Figure 1. Networking stack and libcurl
Web services occur in protocol conversations between a client and a server. In the context of HTTP, the server is the end device and the client is the browser at the endpoint. For SMTP, the server is the mail gateway or endpoint user, and the client is the end device. In some cases, the protocol conversation occurs in two steps (request and response), but in others, there's substantially more traffic to negotiate and communicate. This negotiation can create a considerable amount of complexity, which can be abstracted through an API, such as libcurl.
Introduction to cURL
cURL was originally designed as a way to move files between endpoints using different protocols, such as FTP, HTTP, SCP, and others. It started as a command-line utility but is now also a library with bindings to more than 30 languages. So now instead of just using cURL from the shell, you can build applications that incorporate this important functionality. The libcurl library is also portable, supporting Linux®, IBM® AIX® operating system, BSD, Solaris, and many other UNIX® variants.

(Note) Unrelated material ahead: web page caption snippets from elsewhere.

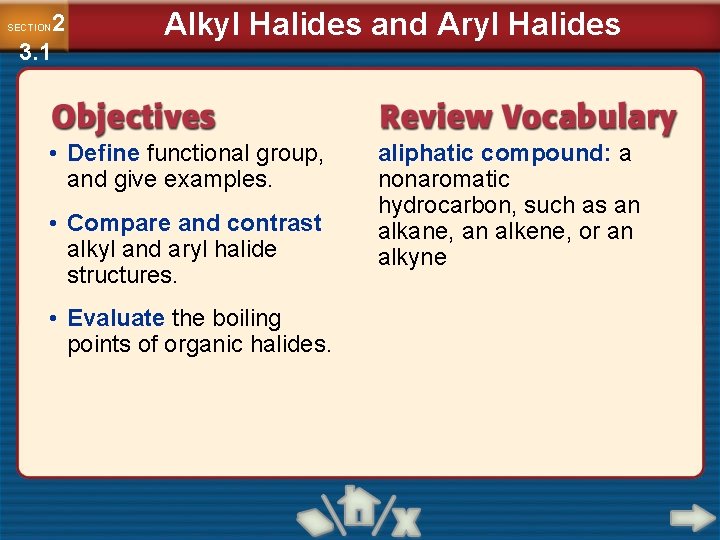 2 3. 1 SECTION Alkyl Halides and Aryl Halides • Define functional group, and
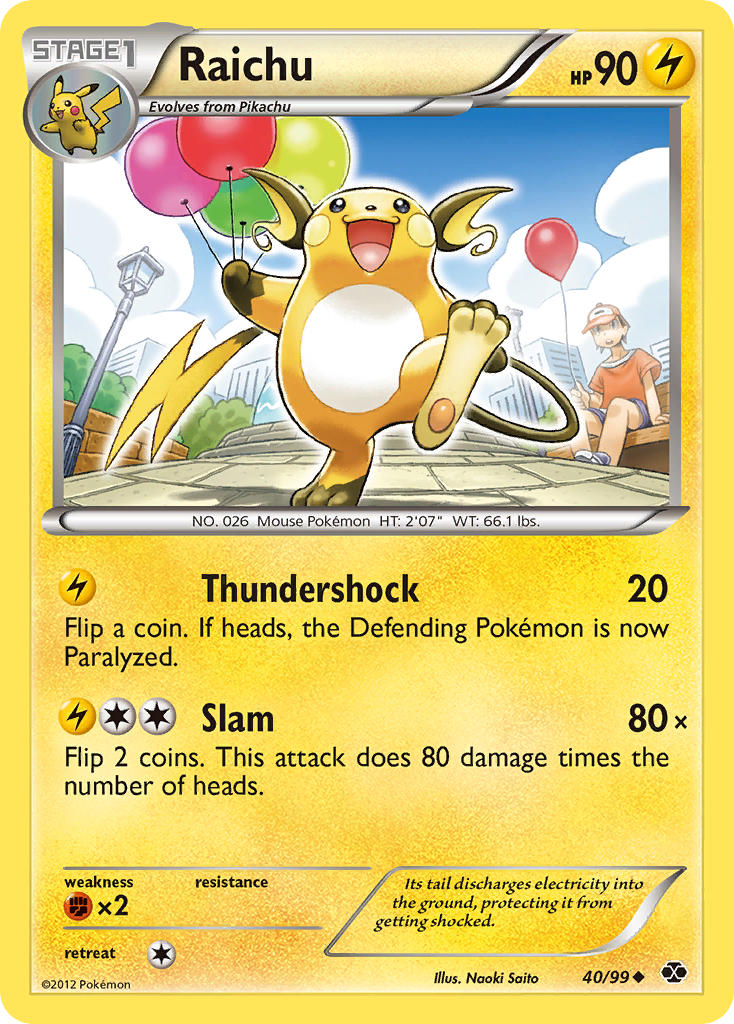 Raichu (40/99) [Black & White: Next Destinies] | Deep Dive Games St. Marys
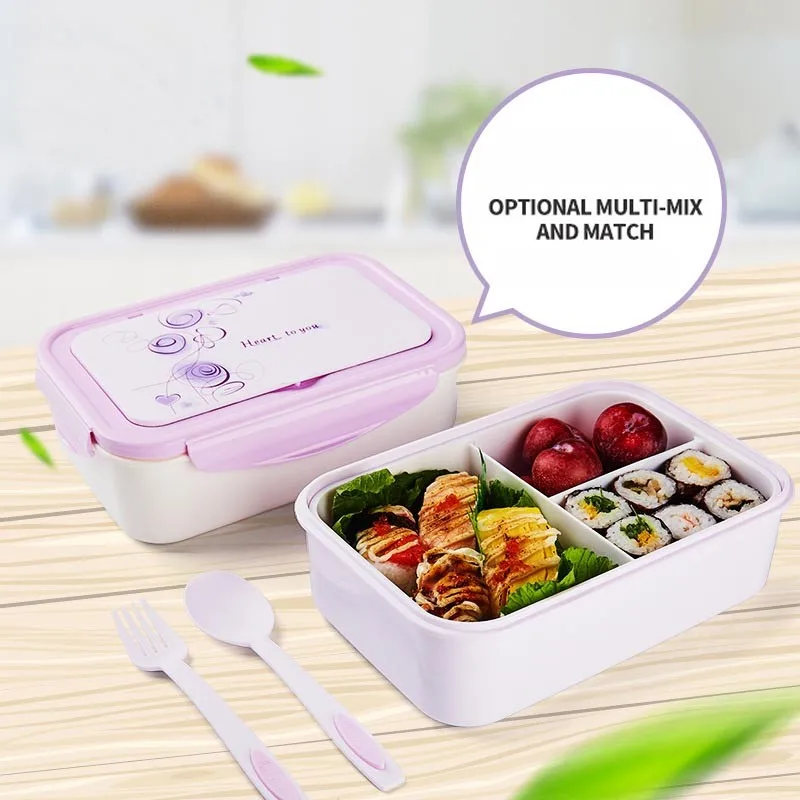 1400 мл Ланч-бокс для детей, Bento коробки, Microwavable с 3 отделениями и столовыми приборами(вилка и ложка) хранения герметичные Детские коробки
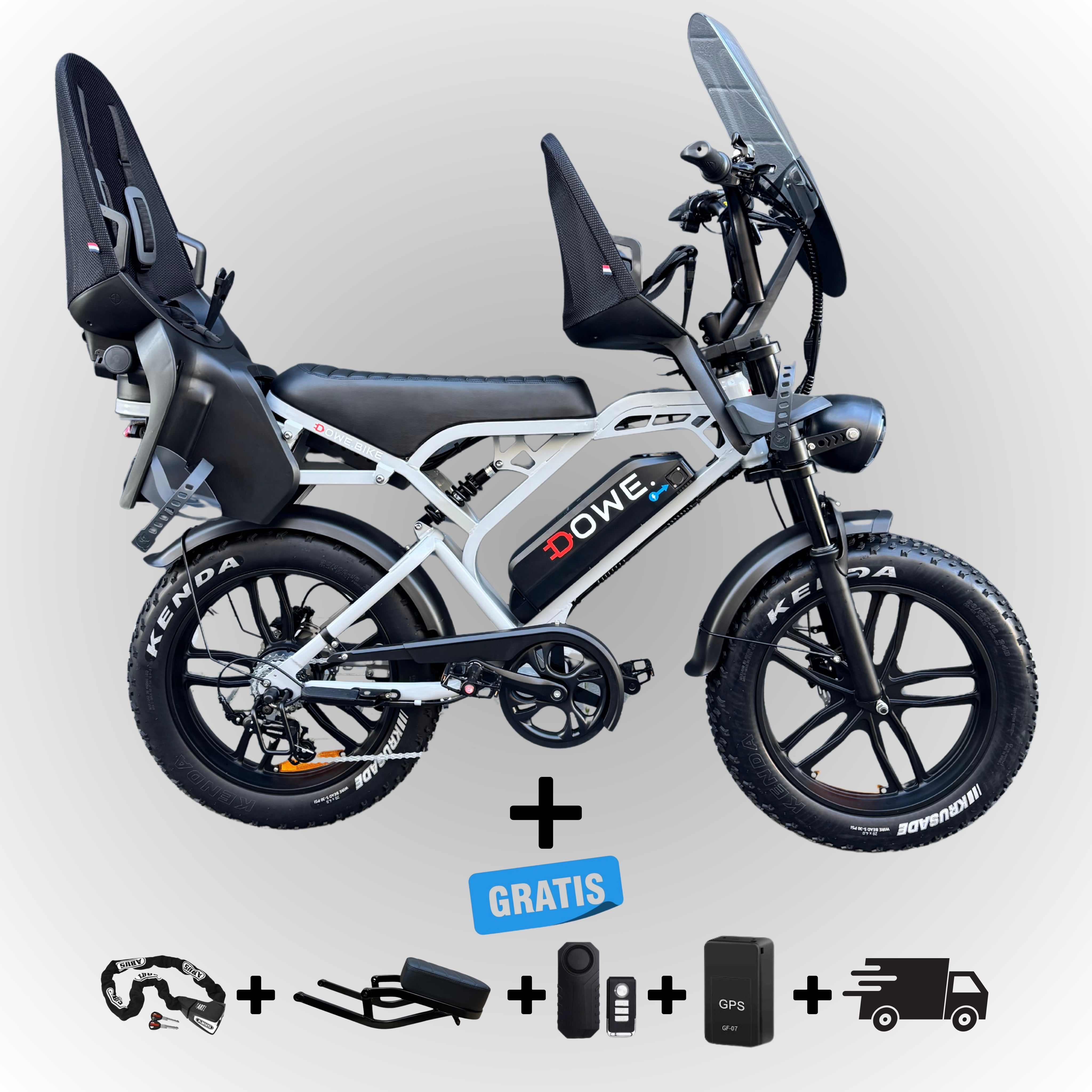 Fatbike V20 Pro 2025 met Kinderzitjes – Nardo-Grijs, zwarte family fatbike, 250W motor, 25 km/h, Dowe.bike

Getting and installing cURL/libcurl
Getting and installing libcurl is simple, depending upon what Linux
distribution you run. If you run Ubuntu, you can easily install these packages
with apt-get
. The two following lines illustrate how to install libcurl
and the Python bindings for libcurl:
$ sudo apt-get install libcurl3 $ sudo apt-get install python-pycurl
The apt-get
utility ensures that any dependencies are satisfied in the
process.
cURL on the command line
cURL began as a command-line tool for performing data transfer using Uniform Resource Locator (URL) syntax. Given its popularity on the command line, a library to integrate the behavior into applications was created. Today, the command-line cURL is a wrapper over the cURL library. This article starts by exploring cURL on the command line, then digs into its use as a library.

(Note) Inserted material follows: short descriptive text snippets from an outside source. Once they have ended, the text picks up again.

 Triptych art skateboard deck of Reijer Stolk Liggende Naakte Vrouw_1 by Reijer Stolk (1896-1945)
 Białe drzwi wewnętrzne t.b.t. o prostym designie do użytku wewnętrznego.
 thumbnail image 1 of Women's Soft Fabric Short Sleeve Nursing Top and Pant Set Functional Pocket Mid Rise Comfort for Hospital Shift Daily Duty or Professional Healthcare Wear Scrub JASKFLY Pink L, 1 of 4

Two of the typical uses of cURL are file transfers using the HTTP and FTP protocols. cURL provides a simple interface to these protocols and others. To get a file from a Web site using HTTP, you simply tell cURL a local file name into which you want the Web page to be written and a URL for the Web site and file to be retrieved. That's a lot of words for the simple command line shown in Listing 1.

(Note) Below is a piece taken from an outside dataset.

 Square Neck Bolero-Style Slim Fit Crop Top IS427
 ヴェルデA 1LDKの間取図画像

Listing 1. Example use of cURL to retrieve a file from a Web site
$ curl -o test html www.exampledomain.com % Total % Received % Xferd Average Speed Time Time Time Current Dload Upload Total Spent Left Speed 100 43320 100 43320 0 0 55831 0 --:--:-- --:--:-- --:--:-- 89299 $
Note that because I specify the domain, but
not a file, I'll get the root file (index.html). To move this file
to an FTP site using cURL, specify the file to upload using the
-T
option, then provide a URL for the FTP site and
path to file.
Listing 2. Example use of cURL to upload a file to an FTP site
$ curl -T test.html ftp://user:[email protected]/ftpdir/ % Total % Received % Xferd Average Speed Time Time Time Current Dload Upload Total Spent Left Speed 100 43320 0 0 100 43320 0 38946 0:00:01 0:00:01 --:--:-- 124k $
Could it be much simpler? After you learn some of the patterns, cURL is fairly easy
to use. But the breadth of options available to you is large — requesting help
from the command line from cURL (using --help
) results in 129 lines of options.
While that's not huge, there are a large number of options controlling anything from
verbosity to security and a variety of protocol-specific configurable items.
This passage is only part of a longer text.